((

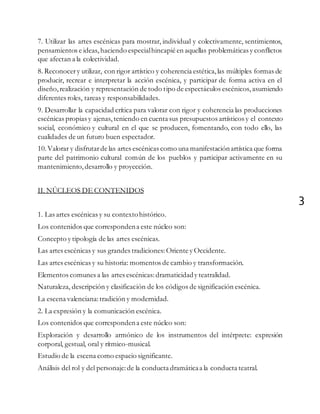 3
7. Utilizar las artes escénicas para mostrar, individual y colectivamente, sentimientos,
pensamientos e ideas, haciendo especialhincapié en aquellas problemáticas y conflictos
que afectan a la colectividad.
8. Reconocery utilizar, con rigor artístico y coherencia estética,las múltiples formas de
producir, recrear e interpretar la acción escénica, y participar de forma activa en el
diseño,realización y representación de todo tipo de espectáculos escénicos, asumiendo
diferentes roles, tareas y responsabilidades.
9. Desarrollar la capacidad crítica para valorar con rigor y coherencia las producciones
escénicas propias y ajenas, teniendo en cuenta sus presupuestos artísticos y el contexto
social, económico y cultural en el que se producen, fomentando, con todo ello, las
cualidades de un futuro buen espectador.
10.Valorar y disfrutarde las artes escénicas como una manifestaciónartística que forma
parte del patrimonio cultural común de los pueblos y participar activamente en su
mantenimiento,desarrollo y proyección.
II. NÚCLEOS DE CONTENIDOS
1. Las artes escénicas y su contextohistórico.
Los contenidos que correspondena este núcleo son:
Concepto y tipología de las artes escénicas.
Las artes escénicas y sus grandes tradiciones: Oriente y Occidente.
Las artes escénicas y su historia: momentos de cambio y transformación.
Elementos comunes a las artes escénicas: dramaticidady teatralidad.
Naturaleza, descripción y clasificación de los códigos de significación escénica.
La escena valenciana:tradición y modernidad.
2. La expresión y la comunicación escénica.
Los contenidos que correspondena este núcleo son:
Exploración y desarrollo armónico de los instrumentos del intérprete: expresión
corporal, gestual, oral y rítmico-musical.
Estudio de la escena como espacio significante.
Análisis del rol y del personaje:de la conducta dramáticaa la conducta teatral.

))

- What is required: Lines from the one holding "2. La expresión y la comunicación escénica." through the last line of the material are to be repeated exactly; no other lines belong in the answer.

- Exercise output:
2. La expresión y la comunicación escénica.
Los contenidos que correspondena este núcleo son:
Exploración y desarrollo armónico de los instrumentos del intérprete: expresión
corporal, gestual, oral y rítmico-musical.
Estudio de la escena como espacio significante.
Análisis del rol y del personaje:de la conducta dramáticaa la conducta teatral.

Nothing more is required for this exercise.